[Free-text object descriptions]
----

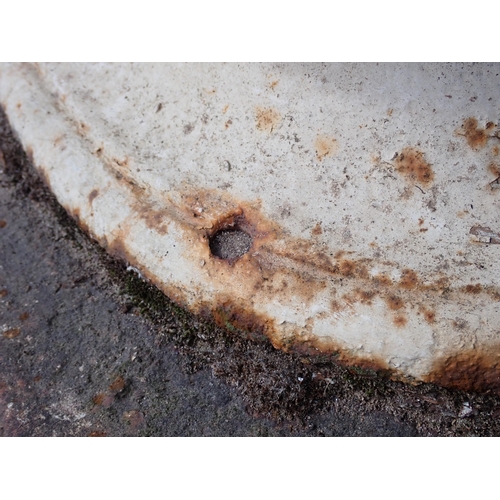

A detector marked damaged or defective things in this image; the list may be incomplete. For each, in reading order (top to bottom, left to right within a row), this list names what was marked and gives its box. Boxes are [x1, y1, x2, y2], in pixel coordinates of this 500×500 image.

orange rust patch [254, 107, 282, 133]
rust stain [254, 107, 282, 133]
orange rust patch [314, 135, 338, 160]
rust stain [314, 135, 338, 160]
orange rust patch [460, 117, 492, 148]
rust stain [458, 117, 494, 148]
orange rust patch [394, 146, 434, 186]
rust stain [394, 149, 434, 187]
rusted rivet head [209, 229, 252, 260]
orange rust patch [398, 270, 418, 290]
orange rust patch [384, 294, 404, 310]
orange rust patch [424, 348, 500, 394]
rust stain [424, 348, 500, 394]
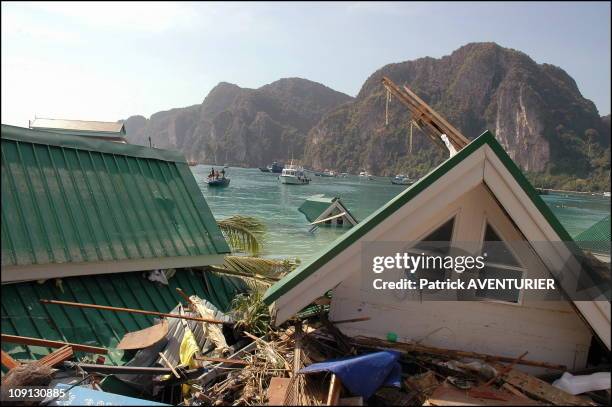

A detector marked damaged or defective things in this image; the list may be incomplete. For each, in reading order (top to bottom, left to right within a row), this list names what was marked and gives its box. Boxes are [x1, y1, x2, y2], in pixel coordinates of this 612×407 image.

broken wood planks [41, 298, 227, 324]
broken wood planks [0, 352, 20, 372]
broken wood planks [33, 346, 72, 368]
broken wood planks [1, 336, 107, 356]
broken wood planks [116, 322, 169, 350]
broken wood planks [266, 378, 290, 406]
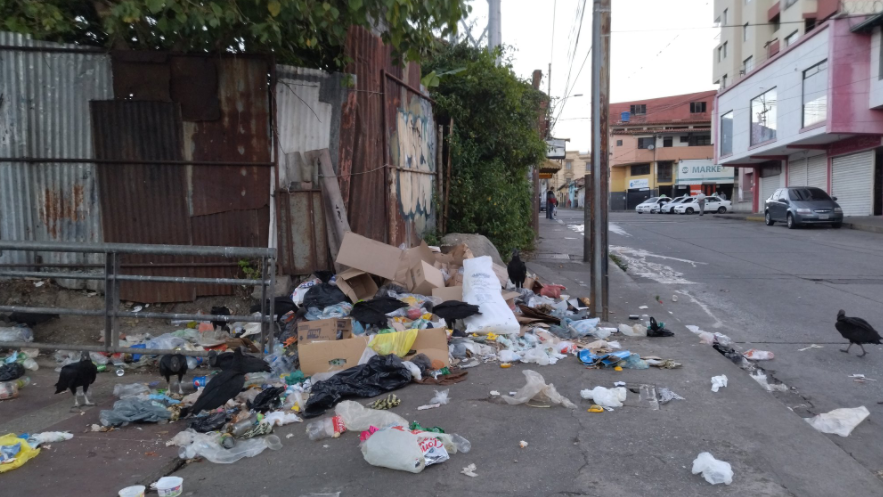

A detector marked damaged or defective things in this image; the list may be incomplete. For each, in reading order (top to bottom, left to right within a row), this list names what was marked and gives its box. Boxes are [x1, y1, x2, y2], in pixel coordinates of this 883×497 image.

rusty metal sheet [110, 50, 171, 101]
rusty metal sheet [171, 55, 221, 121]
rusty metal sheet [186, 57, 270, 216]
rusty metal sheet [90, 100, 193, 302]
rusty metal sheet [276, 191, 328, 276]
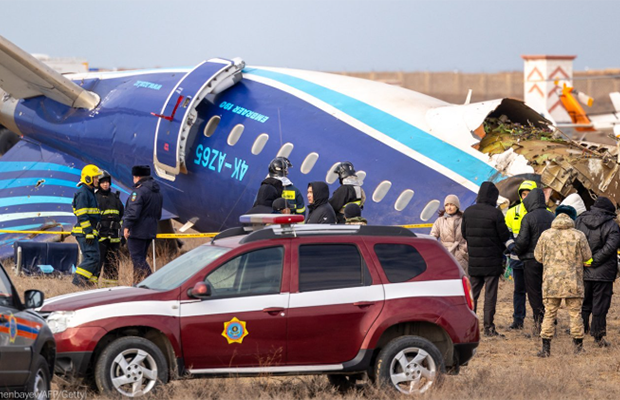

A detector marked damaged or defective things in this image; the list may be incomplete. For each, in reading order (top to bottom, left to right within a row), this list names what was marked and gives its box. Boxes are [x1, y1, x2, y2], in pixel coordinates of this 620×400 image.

----

#### [WHAT TO DO]
Output exactly, and only, the lines running from the line containing "this 883×497 image." to the last line of the entries above, omitting the pictures.

#### [RESPONSE TO THIS TASK]
A detector marked damaged or defective things in this image; the list may be incomplete. For each, in reading order (top to bottom, left to right within a row), this list names what was marked and gives its box. Boxes are [x1, y1, x2, y2], in pixel coordinates of this 883×497 image.

rusty metal sheet [110, 50, 171, 101]
rusty metal sheet [171, 55, 221, 121]
rusty metal sheet [186, 57, 270, 216]
rusty metal sheet [90, 100, 193, 302]
rusty metal sheet [276, 191, 328, 276]

A detector marked damaged or defective things in this image; the list may be incomplete. For each, in reading order (top to bottom, left to right within a row), this list names what was marked and gives its box. Boxes are [x1, y1, x2, y2], in pixel coordinates of this 620×400 image.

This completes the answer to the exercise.